_Problem to work on:_
The response is to be the full listing, set down exactly.

_Supplied material:_
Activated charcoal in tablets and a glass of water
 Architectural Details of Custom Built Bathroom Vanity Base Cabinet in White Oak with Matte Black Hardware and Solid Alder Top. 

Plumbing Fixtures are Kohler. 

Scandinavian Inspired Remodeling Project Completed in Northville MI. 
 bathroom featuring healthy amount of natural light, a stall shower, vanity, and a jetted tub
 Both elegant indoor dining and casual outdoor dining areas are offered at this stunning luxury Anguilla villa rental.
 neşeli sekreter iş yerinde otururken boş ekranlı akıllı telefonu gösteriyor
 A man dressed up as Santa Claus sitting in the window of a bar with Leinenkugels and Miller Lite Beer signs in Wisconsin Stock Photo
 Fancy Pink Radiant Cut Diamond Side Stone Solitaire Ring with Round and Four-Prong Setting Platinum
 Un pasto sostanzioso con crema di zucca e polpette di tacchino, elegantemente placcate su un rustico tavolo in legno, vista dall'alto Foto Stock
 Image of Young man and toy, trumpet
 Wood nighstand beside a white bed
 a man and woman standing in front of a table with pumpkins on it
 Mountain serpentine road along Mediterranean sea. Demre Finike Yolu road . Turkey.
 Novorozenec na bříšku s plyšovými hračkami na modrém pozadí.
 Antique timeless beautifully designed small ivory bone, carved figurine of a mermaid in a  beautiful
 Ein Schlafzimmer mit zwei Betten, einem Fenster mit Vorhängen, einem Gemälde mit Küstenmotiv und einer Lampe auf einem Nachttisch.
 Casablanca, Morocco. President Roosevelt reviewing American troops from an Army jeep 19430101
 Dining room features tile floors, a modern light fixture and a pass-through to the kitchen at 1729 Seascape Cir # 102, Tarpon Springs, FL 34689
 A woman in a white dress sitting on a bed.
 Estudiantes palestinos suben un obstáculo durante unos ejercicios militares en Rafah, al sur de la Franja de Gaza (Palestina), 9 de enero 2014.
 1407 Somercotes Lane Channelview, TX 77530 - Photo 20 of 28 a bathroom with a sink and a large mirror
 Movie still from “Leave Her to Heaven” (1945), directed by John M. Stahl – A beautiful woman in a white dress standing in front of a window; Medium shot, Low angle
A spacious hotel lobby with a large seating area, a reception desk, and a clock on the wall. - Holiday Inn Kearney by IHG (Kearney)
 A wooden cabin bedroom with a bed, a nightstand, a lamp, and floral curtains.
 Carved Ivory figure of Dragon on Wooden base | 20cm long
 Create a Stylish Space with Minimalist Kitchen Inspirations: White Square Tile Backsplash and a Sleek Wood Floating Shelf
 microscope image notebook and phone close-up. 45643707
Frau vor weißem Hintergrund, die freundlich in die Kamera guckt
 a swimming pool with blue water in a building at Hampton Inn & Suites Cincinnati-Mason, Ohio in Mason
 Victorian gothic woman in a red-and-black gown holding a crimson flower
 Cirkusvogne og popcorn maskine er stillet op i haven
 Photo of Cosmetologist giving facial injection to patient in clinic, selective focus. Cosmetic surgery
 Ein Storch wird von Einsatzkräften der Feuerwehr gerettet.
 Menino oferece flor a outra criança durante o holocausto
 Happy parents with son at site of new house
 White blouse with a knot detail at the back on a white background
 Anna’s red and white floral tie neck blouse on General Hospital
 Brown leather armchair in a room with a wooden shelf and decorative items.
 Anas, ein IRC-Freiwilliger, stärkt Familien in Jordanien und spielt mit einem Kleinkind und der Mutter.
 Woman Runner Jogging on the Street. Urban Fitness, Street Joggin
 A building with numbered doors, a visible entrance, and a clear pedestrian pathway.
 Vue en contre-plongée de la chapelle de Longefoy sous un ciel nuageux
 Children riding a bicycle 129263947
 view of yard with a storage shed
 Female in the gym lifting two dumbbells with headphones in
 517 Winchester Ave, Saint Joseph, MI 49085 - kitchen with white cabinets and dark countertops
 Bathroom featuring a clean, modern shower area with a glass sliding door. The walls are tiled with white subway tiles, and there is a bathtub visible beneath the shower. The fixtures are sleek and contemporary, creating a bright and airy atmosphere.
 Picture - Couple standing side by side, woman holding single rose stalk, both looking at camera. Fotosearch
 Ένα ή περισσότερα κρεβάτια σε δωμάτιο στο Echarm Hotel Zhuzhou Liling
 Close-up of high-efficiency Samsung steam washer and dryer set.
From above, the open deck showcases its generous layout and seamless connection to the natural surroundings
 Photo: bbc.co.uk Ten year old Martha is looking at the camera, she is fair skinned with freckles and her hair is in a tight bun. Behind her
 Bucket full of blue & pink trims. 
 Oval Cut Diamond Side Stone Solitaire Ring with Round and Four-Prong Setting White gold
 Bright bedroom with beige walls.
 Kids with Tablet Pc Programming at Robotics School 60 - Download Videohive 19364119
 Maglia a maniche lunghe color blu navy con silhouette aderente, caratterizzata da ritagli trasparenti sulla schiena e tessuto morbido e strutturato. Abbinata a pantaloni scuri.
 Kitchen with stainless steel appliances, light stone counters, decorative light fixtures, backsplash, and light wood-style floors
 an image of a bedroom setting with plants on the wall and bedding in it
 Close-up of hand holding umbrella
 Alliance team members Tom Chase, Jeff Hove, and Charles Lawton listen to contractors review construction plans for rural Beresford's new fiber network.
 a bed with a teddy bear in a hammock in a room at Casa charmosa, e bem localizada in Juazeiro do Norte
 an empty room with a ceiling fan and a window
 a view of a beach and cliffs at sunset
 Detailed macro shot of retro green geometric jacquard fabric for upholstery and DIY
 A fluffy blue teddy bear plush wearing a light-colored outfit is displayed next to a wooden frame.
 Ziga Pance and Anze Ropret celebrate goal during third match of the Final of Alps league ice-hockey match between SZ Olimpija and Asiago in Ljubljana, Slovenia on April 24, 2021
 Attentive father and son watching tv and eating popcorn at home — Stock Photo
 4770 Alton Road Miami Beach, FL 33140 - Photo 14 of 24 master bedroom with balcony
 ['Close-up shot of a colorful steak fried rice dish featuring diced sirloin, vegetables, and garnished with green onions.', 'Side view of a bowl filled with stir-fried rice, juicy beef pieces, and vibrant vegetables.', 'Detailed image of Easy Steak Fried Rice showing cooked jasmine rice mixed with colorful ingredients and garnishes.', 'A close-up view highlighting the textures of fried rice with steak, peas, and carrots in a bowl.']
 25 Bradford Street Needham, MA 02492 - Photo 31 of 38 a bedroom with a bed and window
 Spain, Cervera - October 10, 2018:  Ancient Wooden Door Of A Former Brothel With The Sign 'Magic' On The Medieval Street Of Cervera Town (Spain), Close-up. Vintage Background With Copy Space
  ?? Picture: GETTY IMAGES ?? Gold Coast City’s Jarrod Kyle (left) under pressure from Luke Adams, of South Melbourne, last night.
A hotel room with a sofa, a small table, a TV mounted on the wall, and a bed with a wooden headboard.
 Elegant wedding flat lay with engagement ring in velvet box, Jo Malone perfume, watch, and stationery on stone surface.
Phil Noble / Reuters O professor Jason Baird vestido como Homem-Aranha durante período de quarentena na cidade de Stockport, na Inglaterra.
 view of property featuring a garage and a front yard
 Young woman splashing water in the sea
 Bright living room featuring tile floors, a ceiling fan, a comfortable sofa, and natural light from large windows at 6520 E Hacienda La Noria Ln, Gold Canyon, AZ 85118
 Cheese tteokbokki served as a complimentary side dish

_Response below:_
Activated charcoal in tablets and a glass of water
 Architectural Details of Custom Built Bathroom Vanity Base Cabinet in White Oak with Matte Black Hardware and Solid Alder Top. 

Plumbing Fixtures are Kohler. 

Scandinavian Inspired Remodeling Project Completed in Northville MI. 
 bathroom featuring healthy amount of natural light, a stall shower, vanity, and a jetted tub
 Both elegant indoor dining and casual outdoor dining areas are offered at this stunning luxury Anguilla villa rental.
 neşeli sekreter iş yerinde otururken boş ekranlı akıllı telefonu gösteriyor
 A man dressed up as Santa Claus sitting in the window of a bar with Leinenkugels and Miller Lite Beer signs in Wisconsin Stock Photo
 Fancy Pink Radiant Cut Diamond Side Stone Solitaire Ring with Round and Four-Prong Setting Platinum
 Un pasto sostanzioso con crema di zucca e polpette di tacchino, elegantemente placcate su un rustico tavolo in legno, vista dall'alto Foto Stock
 Image of Young man and toy, trumpet
 Wood nighstand beside a white bed
 a man and woman standing in front of a table with pumpkins on it
 Mountain serpentine road along Mediterranean sea. Demre Finike Yolu road . Turkey.
 Novorozenec na bříšku s plyšovými hračkami na modrém pozadí.
 Antique timeless beautifully designed small ivory bone, carved figurine of a mermaid in a  beautiful
 Ein Schlafzimmer mit zwei Betten, einem Fenster mit Vorhängen, einem Gemälde mit Küstenmotiv und einer Lampe auf einem Nachttisch.
 Casablanca, Morocco. President Roosevelt reviewing American troops from an Army jeep 19430101
 Dining room features tile floors, a modern light fixture and a pass-through to the kitchen at 1729 Seascape Cir # 102, Tarpon Springs, FL 34689
 A woman in a white dress sitting on a bed.
 Estudiantes palestinos suben un obstáculo durante unos ejercicios militares en Rafah, al sur de la Franja de Gaza (Palestina), 9 de enero 2014.
 1407 Somercotes Lane Channelview, TX 77530 - Photo 20 of 28 a bathroom with a sink and a large mirror
 Movie still from “Leave Her to Heaven” (1945), directed by John M. Stahl – A beautiful woman in a white dress standing in front of a window; Medium shot, Low angle
A spacious hotel lobby with a large seating area, a reception desk, and a clock on the wall. - Holiday Inn Kearney by IHG (Kearney)
 A wooden cabin bedroom with a bed, a nightstand, a lamp, and floral curtains.
 Carved Ivory figure of Dragon on Wooden base | 20cm long
 Create a Stylish Space with Minimalist Kitchen Inspirations: White Square Tile Backsplash and a Sleek Wood Floating Shelf
 microscope image notebook and phone close-up. 45643707
Frau vor weißem Hintergrund, die freundlich in die Kamera guckt
 a swimming pool with blue water in a building at Hampton Inn & Suites Cincinnati-Mason, Ohio in Mason
 Victorian gothic woman in a red-and-black gown holding a crimson flower
 Cirkusvogne og popcorn maskine er stillet op i haven
 Photo of Cosmetologist giving facial injection to patient in clinic, selective focus. Cosmetic surgery
 Ein Storch wird von Einsatzkräften der Feuerwehr gerettet.
 Menino oferece flor a outra criança durante o holocausto
 Happy parents with son at site of new house
 White blouse with a knot detail at the back on a white background
 Anna’s red and white floral tie neck blouse on General Hospital
 Brown leather armchair in a room with a wooden shelf and decorative items.
 Anas, ein IRC-Freiwilliger, stärkt Familien in Jordanien und spielt mit einem Kleinkind und der Mutter.
 Woman Runner Jogging on the Street. Urban Fitness, Street Joggin
 A building with numbered doors, a visible entrance, and a clear pedestrian pathway.
 Vue en contre-plongée de la chapelle de Longefoy sous un ciel nuageux
 Children riding a bicycle 129263947
 view of yard with a storage shed
 Female in the gym lifting two dumbbells with headphones in
 517 Winchester Ave, Saint Joseph, MI 49085 - kitchen with white cabinets and dark countertops
 Bathroom featuring a clean, modern shower area with a glass sliding door. The walls are tiled with white subway tiles, and there is a bathtub visible beneath the shower. The fixtures are sleek and contemporary, creating a bright and airy atmosphere.
 Picture - Couple standing side by side, woman holding single rose stalk, both looking at camera. Fotosearch
 Ένα ή περισσότερα κρεβάτια σε δωμάτιο στο Echarm Hotel Zhuzhou Liling
 Close-up of high-efficiency Samsung steam washer and dryer set.
From above, the open deck showcases its generous layout and seamless connection to the natural surroundings
 Photo: bbc.co.uk Ten year old Martha is looking at the camera, she is fair skinned with freckles and her hair is in a tight bun. Behind her
 Bucket full of blue & pink trims. 
 Oval Cut Diamond Side Stone Solitaire Ring with Round and Four-Prong Setting White gold
 Bright bedroom with beige walls.
 Kids with Tablet Pc Programming at Robotics School 60 - Download Videohive 19364119
 Maglia a maniche lunghe color blu navy con silhouette aderente, caratterizzata da ritagli trasparenti sulla schiena e tessuto morbido e strutturato. Abbinata a pantaloni scuri.
 Kitchen with stainless steel appliances, light stone counters, decorative light fixtures, backsplash, and light wood-style floors
 an image of a bedroom setting with plants on the wall and bedding in it
 Close-up of hand holding umbrella
 Alliance team members Tom Chase, Jeff Hove, and Charles Lawton listen to contractors review construction plans for rural Beresford's new fiber network.
 a bed with a teddy bear in a hammock in a room at Casa charmosa, e bem localizada in Juazeiro do Norte
 an empty room with a ceiling fan and a window
 a view of a beach and cliffs at sunset
 Detailed macro shot of retro green geometric jacquard fabric for upholstery and DIY
 A fluffy blue teddy bear plush wearing a light-colored outfit is displayed next to a wooden frame.
 Ziga Pance and Anze Ropret celebrate goal during third match of the Final of Alps league ice-hockey match between SZ Olimpija and Asiago in Ljubljana, Slovenia on April 24, 2021
 Attentive father and son watching tv and eating popcorn at home — Stock Photo
 4770 Alton Road Miami Beach, FL 33140 - Photo 14 of 24 master bedroom with balcony
 ['Close-up shot of a colorful steak fried rice dish featuring diced sirloin, vegetables, and garnished with green onions.', 'Side view of a bowl filled with stir-fried rice, juicy beef pieces, and vibrant vegetables.', 'Detailed image of Easy Steak Fried Rice showing cooked jasmine rice mixed with colorful ingredients and garnishes.', 'A close-up view highlighting the textures of fried rice with steak, peas, and carrots in a bowl.']
 25 Bradford Street Needham, MA 02492 - Photo 31 of 38 a bedroom with a bed and window
 Spain, Cervera - October 10, 2018:  Ancient Wooden Door Of A Former Brothel With The Sign 'Magic' On The Medieval Street Of Cervera Town (Spain), Close-up. Vintage Background With Copy Space
  ?? Picture: GETTY IMAGES ?? Gold Coast City’s Jarrod Kyle (left) under pressure from Luke Adams, of South Melbourne, last night.
A hotel room with a sofa, a small table, a TV mounted on the wall, and a bed with a wooden headboard.
 Elegant wedding flat lay with engagement ring in velvet box, Jo Malone perfume, watch, and stationery on stone surface.
Phil Noble / Reuters O professor Jason Baird vestido como Homem-Aranha durante período de quarentena na cidade de Stockport, na Inglaterra.
 view of property featuring a garage and a front yard
 Young woman splashing water in the sea
 Bright living room featuring tile floors, a ceiling fan, a comfortable sofa, and natural light from large windows at 6520 E Hacienda La Noria Ln, Gold Canyon, AZ 85118
 Cheese tteokbokki served as a complimentary side dish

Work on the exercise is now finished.